I was staying with family overseas recently and when we returned to the house after the cleaners had been, I noticed something strange. Bottles of shampoo and conditioner had switched position, and the hand lotion was now where the hand wash had been. “How annoying”, I first thought, after trying to wash my hands with lotion. But then a second thought lodged in my mind: “How brilliant!”
Move the shampoo
When you are working in a service industry, like cleaning, accounting or consulting, people pay you for an outcome — a clean house, a tax return or some professional advice — and placing a value on that can be tricky.
Take the oft-cited anecdote of the mechanic, for example. A guy takes his car to a mechanic because the engine is faltering. The mechanic picks up a hammer, hits the engine and it begins to run perfectly. “That will be $100”, says the mechanic. “$100? That’s outrageous – all you did was hit the engine!” the customer splutters. “It was only $1 to hit the engine”, the mechanic replies calmly. “It was $99 to know where to hit it.”
The issue is often one of perceived effort.

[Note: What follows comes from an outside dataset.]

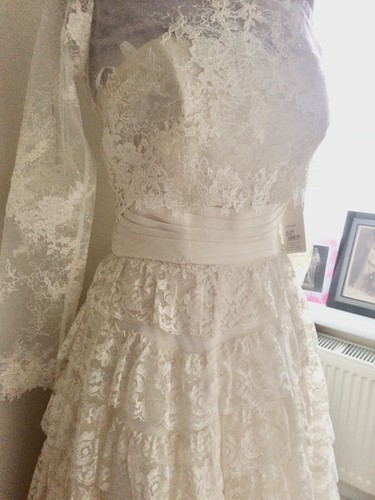 Lace bridal bolero back buttons boat neck sparkly beading long lace sleeves 8 10 - Picture 5 of 8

People are more willing to pay if they feel it has cost you in sweat to deliver the service.
That was the genius of the cleaners moving the shampoo bottle. It was their way of saying “we cleaned absolutely everything and everywhere”. They deliberately interrupted their client’s System 1, habitual thinking with a System 2 reminder.
Show me your effort
If you are in professional services and occasionally get push back on your pricing, it means your customer is not convinced of your value. Here are some tips on how to bolster your stocks:
- Talk about other projects you’ve worked on and the challenges you faced in coming to a solution. Get them to feel you have ‘rolled up your sleeves’ before so they know you have what it takes;
- Sketch out a project timeline including key milestones so they get a feel for what’s happening even when you are not with them;
- If they haven’t seen you much, send through short progress updates via email to assure them you are working on their project;
- Create artefacts of your effort. For instance, take photos of your brainstorming and share them with your client (see example below); and
- In your debrief, mention any ideas you discarded along the way — don’t just tell them the answer, take them through the permutations it took to get there. Your goal is to give them a sense of the effort you have expended (this is like moving the shampoo).
Similar lessons can be applied to products too. Talking about the provenance of the product, how many hours it takes to manufacture, the craftsmanship involved, and/or its special characteristics can enhance perceptions of value.
Don’t take your value for granted
In short, if you take your skills and expertise for granted, your customer will too. While whatever you do may come relatively easily to you, you are being employed because it doesn’t come easily to others. Show a little of what you have expended and your customer will value you for it.